Replication Guide

Tamino users often need to maintain duplicates of a database on remote servers, for a number of reasons. Perhaps the most common reason is to have a "hot stand-by" system with up-to-date copies of all transactions available for applications to work with in case the primary system fails. Unlike a conventional backup that must be restored from disk, tape or CD, the replicated database is available to applications as soon as they can be pointed to it.

This document describes the basic principles and approaches that can be used for replication in Tamino. The following topics are covered:

How does Replication Work?
What are the Goals of Replication?
How to Create a Replication Database
Administration of a Replication Database
Restrictions
Parameter Setting for Replication
Error Situations

How does Replication Work?

In Tamino, replication is an automated process. The current state of a Tamino database can be rebuilt with a backup, which is a snapshot of the database contents at a specified point in time, and by applying the subsequent log spaces.

This means that replication is based on log spaces. Updates to Tamino databases (insertion, modification and deletion of both schema definitions and documents) are logged to log space files. These updates are then replicated on a foreign database by requesting the log space data from the original (master) database and applying them to the replication database. The ability to transfer log data offers a good alternative to copying the whole database repeatedly.

The prerequisites for re-applying the master database changes to the replication database are:

  • The master database node must be accessible within the network;

  • If the master database and the replication database are on different nodes, these must be configured to use the same XTS directory server;

  • The master database must be active;

  • The log space data must be accessible (to the master database).

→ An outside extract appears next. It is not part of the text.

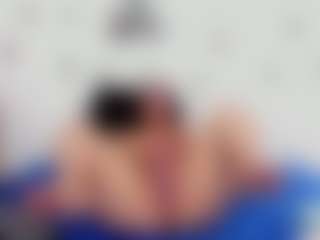 Ivonnee27's Live Sex Cam Show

In principle, a replication is a never-ending restore/recover process from a backup, interrupted only by server shutdowns. In Tamino, replication is always asymmetric (a one-sided master/slave relationship) and asynchronous (to avoid conflicting updates, the replication database reflects changes in the data with a certain time delay only). This has the advantage that replication works even if the replication database is not permanently online.

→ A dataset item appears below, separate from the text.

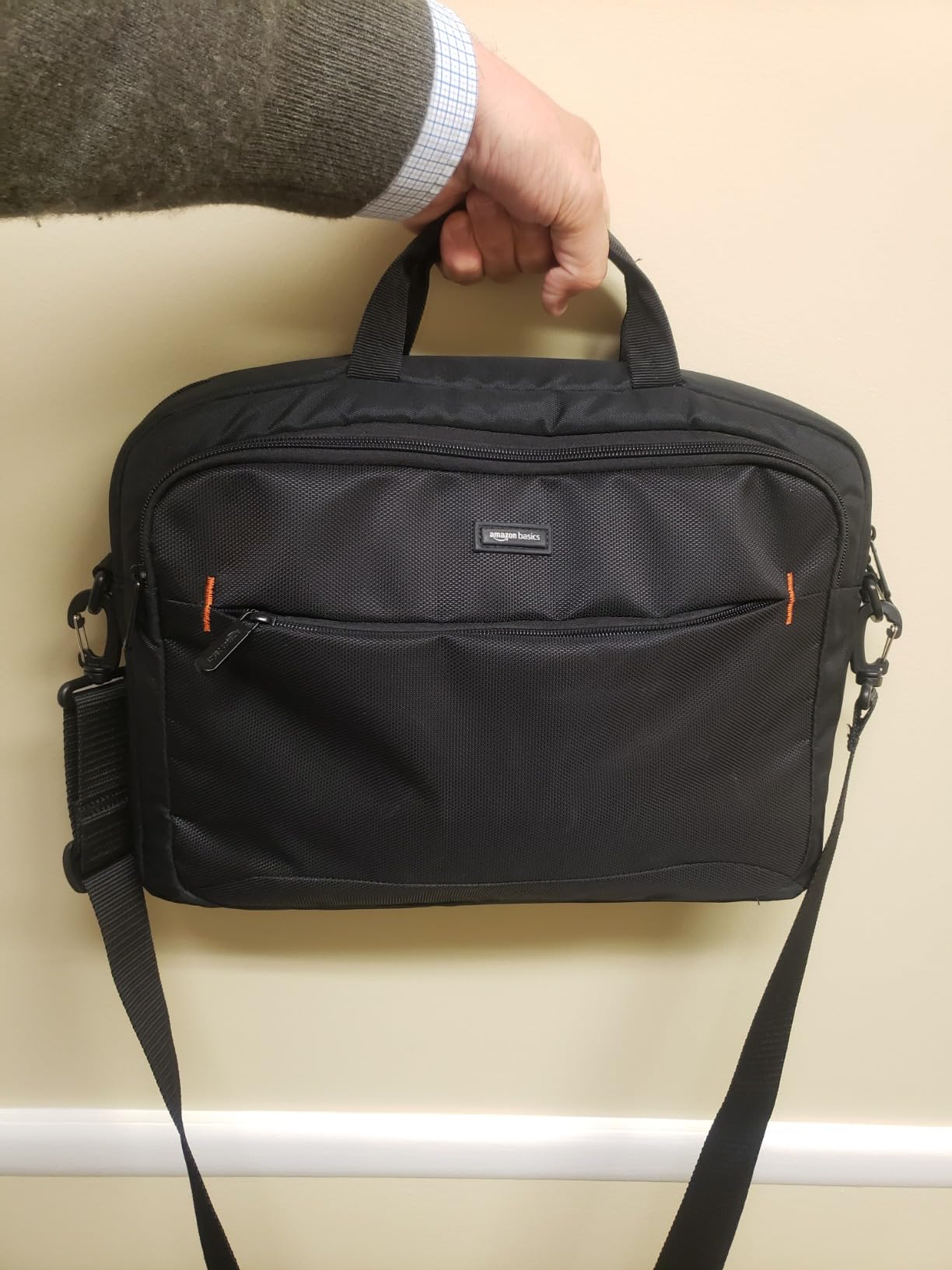 Amazon Basics 15.6 in Laptop Bag with Shoulder Strap and Handle, Large Capacity, Spacious Compartments, Black customer photo 1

Tamino supports simultaneous queries on a replication database while it is replicating. Simultaneous query during replication uses a locking approach that maintains the consistency of queried data. It is not necessary to shut down replication databases and restart them in read-only mode. This capability enables Tamino to run in load-balancing applications where data in replication databases is still accessible during the replication from a master database.

Alternatively, the replication database can also be set to run without the simultaneous query option. In this case, the replication database still automatically requests log space data for replication, but it cannot be accessed while it is replicating updates from the master database (the database parameter read only is set to no). To have read (and query) access, the replication database needs to be stopped and then restarted in read-only mode (the database parameter read only needs to be set to yes). In this read-only mode, the replication database does not request log space data for replication, but guarantees read access.

The following diagram gives an overview of replication in Tamino:

graphics/replication.png

What are the Goals of Replication?

Replication can be used for a number of cases, for example to provide a hot stand-by database that can be used in the case of a failure of the master database, in a mobile computing environment, or to enable load balancing for queries and updates. The following section describes Tamino replication usage cases to help you decide how to set up your own replication scenario:

Hot Stand-By

Tamino replication provides a reliable way to set up a hot stand-by database in case the master database fails. Simply set up a replication database without simultaneous query (for a detailed description of the steps to be accomplished, see section How to Create a Replication Database). If your master database fails, for example due to a computer crash or disk failure, just reset your replication database to a normal database and have your applications run against it. The easiest way to redirect your applications to this database is to rename it to the name of the original database. Although in this case a few transaction that occurred just before the master database crashed might be lost due to the replication delay, you have no restore time and can quickly continue normal database operations.

Mobile Work

For many applications, a database does not need to have the most recent status. Often it is sufficient to have a defined status, for example that of last night. Consider the following case: A sales person takes a copy or parts of a company's master database (for example a parts list) to a customer visit. After the visit, he or she updates the local copy as a result of the customer contact, and later updates the company's master database when returning to the office.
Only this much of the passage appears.